WHAT TO DO: In the listing below, find the line with "يدعم خمس سنوات تحديثات" and the line with "للاستفسار ***********". Repeat those two lines and all lines between them exactly.

TASK INPUTS:
# # #
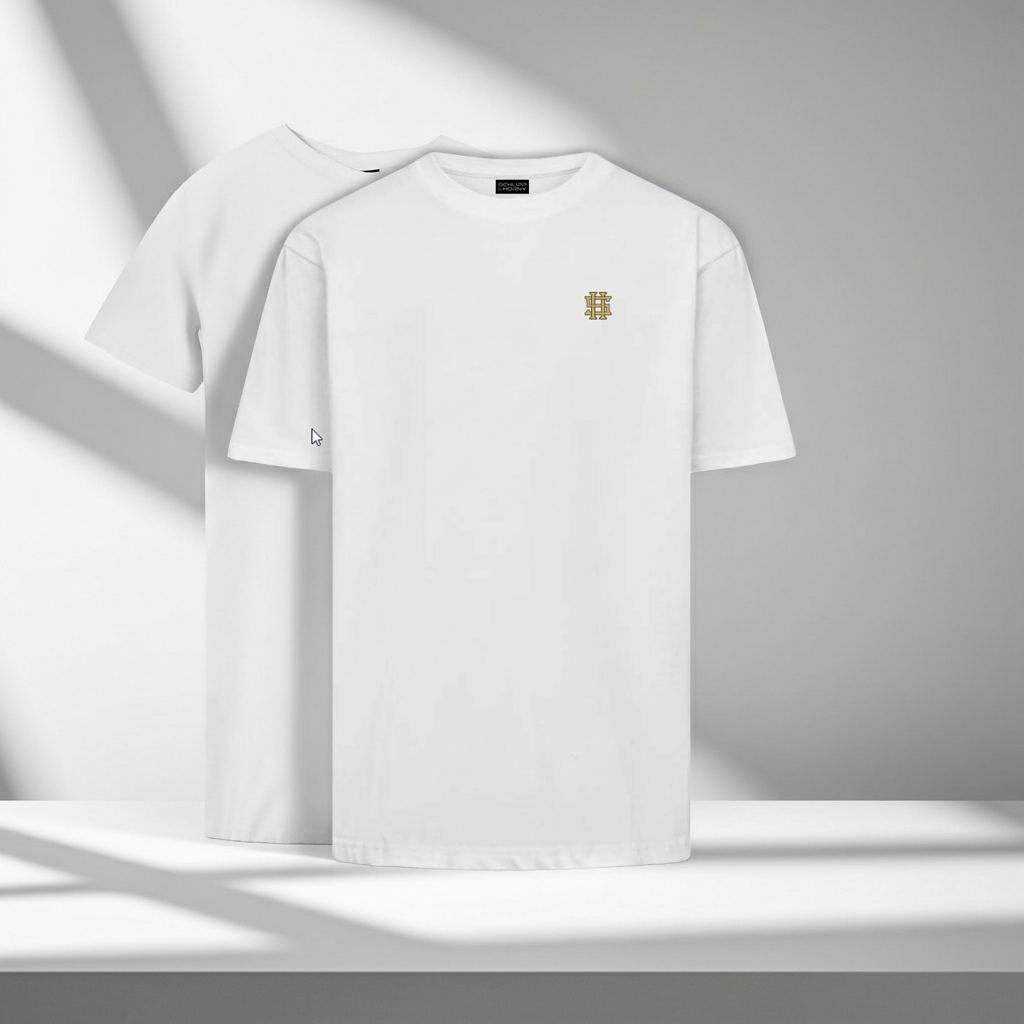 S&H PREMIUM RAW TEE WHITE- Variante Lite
# # #
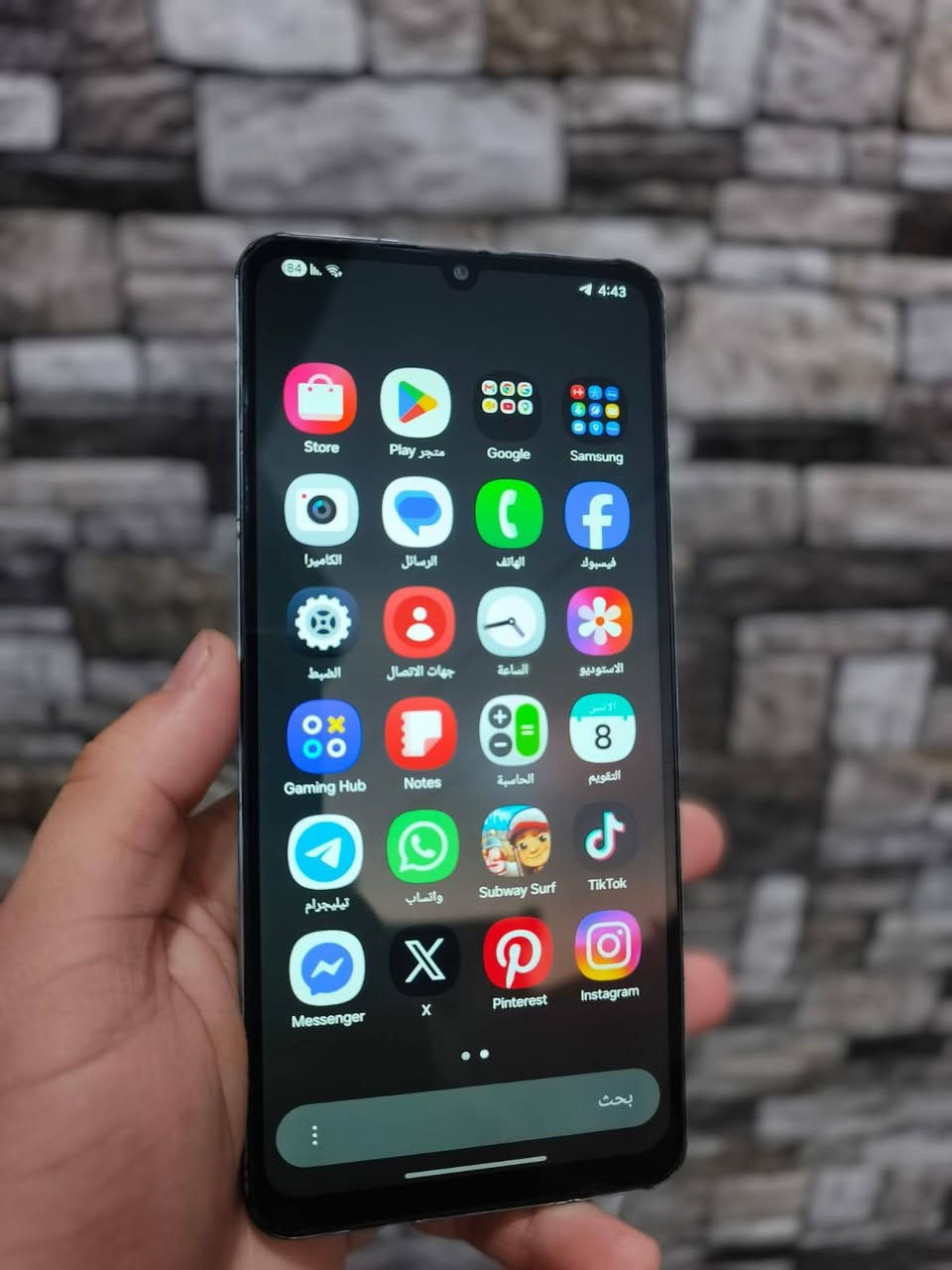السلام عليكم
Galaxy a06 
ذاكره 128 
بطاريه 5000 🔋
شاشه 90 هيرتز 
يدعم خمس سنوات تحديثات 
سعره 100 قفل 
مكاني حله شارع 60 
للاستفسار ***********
# # #
ANSWER BOX:
يدعم خمس سنوات تحديثات 
سعره 100 قفل 
مكاني حله شارع 60 
للاستفسار ***********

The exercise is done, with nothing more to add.